GeneDescription / N / The best available description of the gene product. This will help users know what kind of protein this is. / “phosphatase” “Cdk-activating kinase 1At (cak1At)” “pyrophosphate-dependent phosphofructo-1-kinase-like protein”
InsertSource / N / The source from which the insert was cloned or amplified (e.g. ATCC# or other ID, library or tissue, or “synthetic”)
GenusSpecies / Y / Genus species (plus strain, serovar, etc. if applicable) / “Drosophila melanogaster” “Vibrio cholerae 01 biovar eltor”
NucleotideGI
or
ProteinGI / Y$ / Include either the NCBI nucleotide or NCBI protein GI number. Nucleotide GI is preferred but is not available for all organisms. Whichever column is included should match the Accession column below.
NucleotideAccession
or
ProteinAccession / Y$ / Include either theGenBank Nucleotide Accession number or GenBank Protein Accession number.
The nucleotide number is preferred but is not available for all organisms. This column should match the GI column above.
GeneSymbol / Y$ / Official gene symbol or abbreviation as in Entrez Gene. Include this column OR the GeneID. / TP53
GeneID / Y$ / NCBI Entrez GeneID. Include this column OR the GeneSymbol
SpeciesSpecificID / N / ID for gene from model organism website (ex TAIR). If you have these IDs please also include the Species Specific ID URL Table / Ex.AT1G20340.1
PubMedID / N / PubMed ID - if a paper has been published using this clone
Title / N / Publication title from PubMed - only required if a PubMedID is provided

^ Preferred format: “g3t; del@56, 20; ins@89, 32” for single nt change g to t at position 3; and deletion where nt 55 is present and 56 is not there and the deletion size is 20 bp; and insertion at position 89 where 89 is there like normal wild-type and after that a 32 bp insertion is present. If you use a different format, please explain it.

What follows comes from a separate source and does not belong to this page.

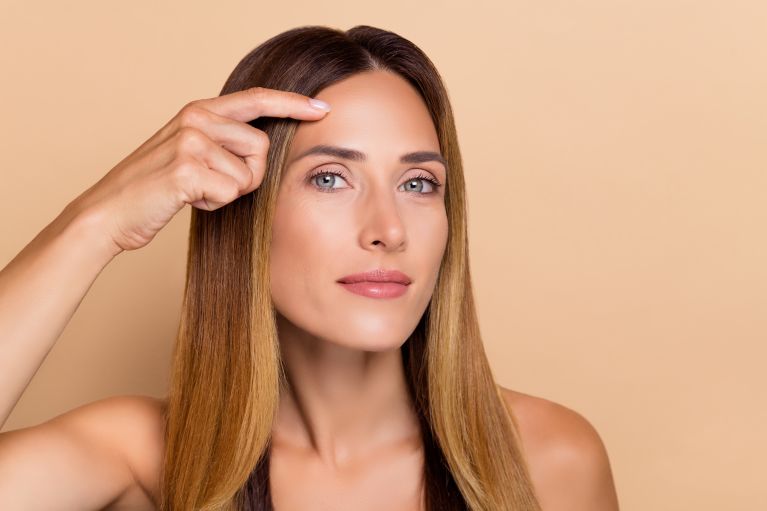 Browlift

* Optionally, you can provide one column “Mutations” that shows NT and AA information together as one text string.

$At least one of thesefields is required. Please fill in as many as possible.

File Details—ADDITIONAL FILES

Species Specific ID URL Table

Many species that are used as model organisms have their own online resources. If the species specific ID(s) that you provided can link to one or more such databases and if you would like us to create hyperlinks in our website then please include this table. It will provide us with the URL root that we can use to build hyperlinks to your database.

Column Header / Required? / Description / Example
SpeciesSpecificIDType / Y / The same species specific COLUMN HEADERs that you used in the Clone Gene Info File. /

“TAIR” (The Arabidopsis Information Resource)

SSIDURL / Y / The root URL that will link the species specific ID to its entry in the specialty database / “
TairObject?type=locus&name=”

Authors

Please give us author information about your submitted clones. This includes the name and address of your institution, the name and address of the laboratory and the names of any additional authors that contributed to the production of these clones. If an author was responsible for the creation of particular clones, please add an AuthorName column to the spreadsheet and include their name next to the clones they contributed to.